Back in August, I was lucky enough to find a navy wool tea-length dress by Pauline Trigere. I loved the sense of geometry present in the design. Angular panels were stitched together, creating shapes and forms similar to Bauhaus design.
This sort of geometric detail gives the wearer a modernist silhouette. The Stieg Collection also has an excellent example of geometry in fashion design. The white wool dress on the right was made by the Utah Tailoring Mills.
Left: Navy wool jersey ready-to-wear dress by Pauline Trigere. Right: White woven wool custom-made dress by the Utah Tailoring Mills from The Stieg Collection.

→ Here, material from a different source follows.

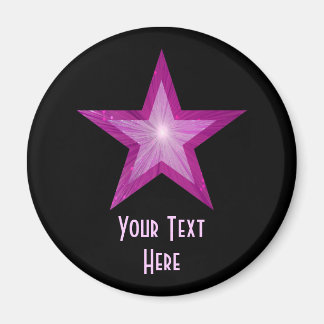 Pink Star 'Your Text' fridge magnet black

Bauhaus (or Staatliches Bauhaus) was a German design school that operated from 1919-1933. Founded by Walter Gropius, the school’s mission was to promote a synthesis of the arts. Importance was placed on considering how to unify all aspects of design, from typography, fashion, architecture, interior design and so on. (Gesamkunstwerk is the precise term in German) The school attracted many fantastic designers. A recognizable Bauhaus style emerged because many that attended the school were interested in functionality and minimalism.

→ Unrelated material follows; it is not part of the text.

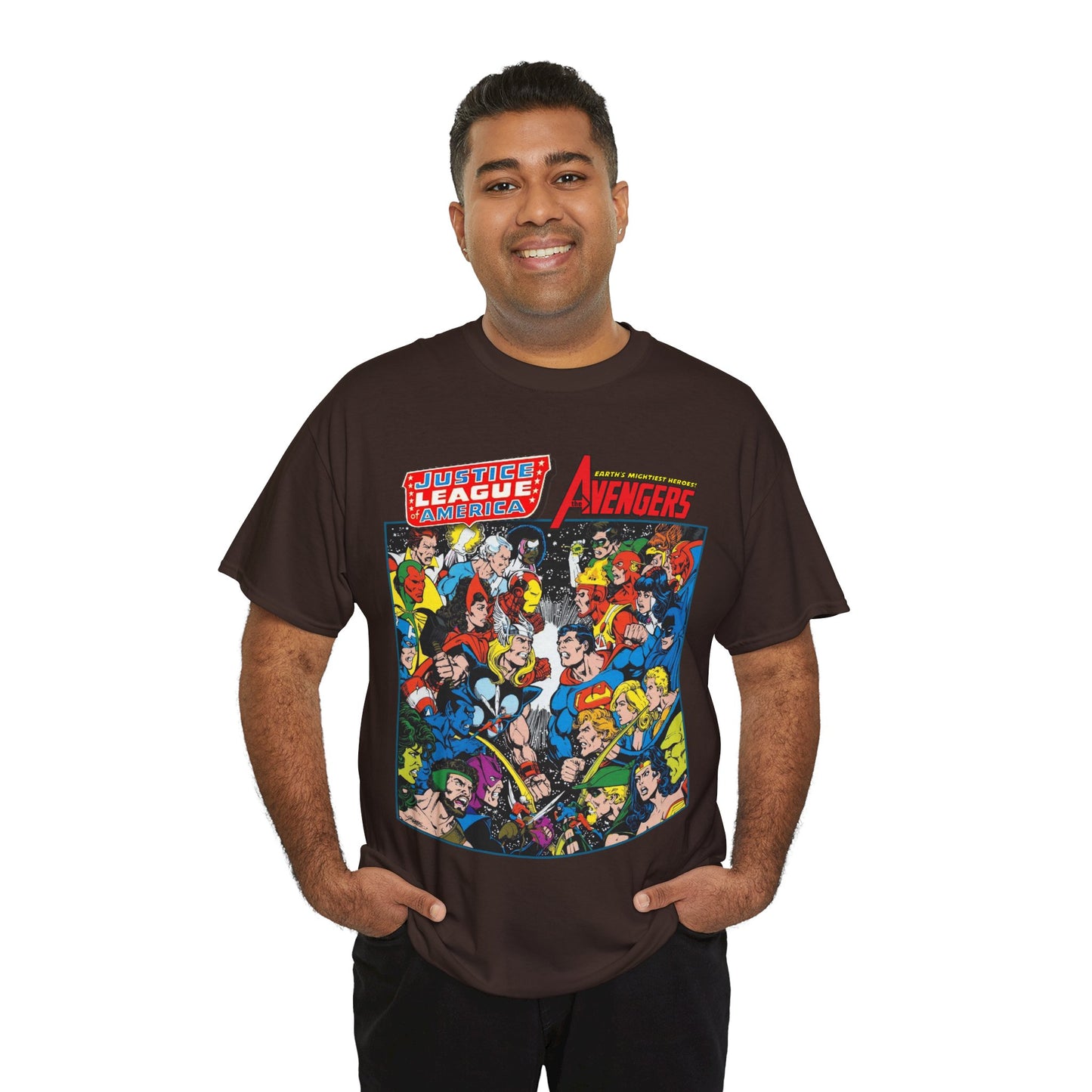 Justice League/Avengers T-Shirt - DC & Marvel Comics Art - George Perez - JLA - Batman, Captain America, Iron Man, Green Lantern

Geometric forms, balanced compositions, and a sort of “futuristic” look are all telltale signs of Bauhaus design.
I spent a good part of an afternoon noting the similarities between these two dresses and how they related to Bauhaus ideals. Each of the designs were so carefully thought out and executed. They each share geometric cuts of fabric, balanced compositions, and a modernist look that make them wearable today. (Keep in mind that both of these dresses were made in the 1960s!)

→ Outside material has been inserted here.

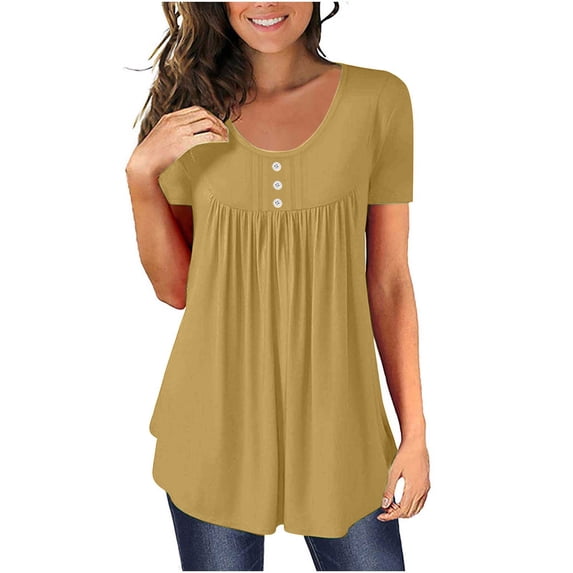 Women's Summer Solid Round Neck Button Pleated Short Sleeve Tops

But why is it that Pauline Trigere is remembered for her contribution to fashion history and that The Utah Tailoring Mills has been obscured to the point of being forgotten?
Top: Detail. Navy wool jersey ready-to-wear dress by Pauline Trigere. Bottom: Detail. White woven wool custom-made dress by the Utah Tailoring Mills from The Stieg Collection.
Much of this has to do with accessibility. Pauline Trigere clothing was not cheap. Her lines were available at expensive department stores, like Bergdorf Goodman. In 1970, her prices started at $225 and went up from there. After consulting an inflation calculator, this means that Trigere clothing would have cost $1,285.27 (to start!) in today’s economy.
However, because her garments were ready-to-wear, the could be sold in department stores across the country.
The average cost of a dress by The Utah Tailoring Mills in the 1960s was $400, which is roughly $3,000 in today’s economy. This places Trigere and The Utah Tailoring Mills at essentially the same price range. But The Utah Tailoring Mills created each of their garments for the individual client. Sales representatives were responsible for covering large territories and getting new clients. This means that their exposure was more covert. The Utah Tailoring Mills had a more elite operation system.
The labels also indicate the difference in fabric and manufacturing. The Utah Tailoring Mills created everything in house, of the best fabrics. Most fabrics were imported from Europe. They also made labels with the client’s name embroidered directly under the logo.
Trigere garments have a nice label, too. However, you can spot that the quality was slightly different.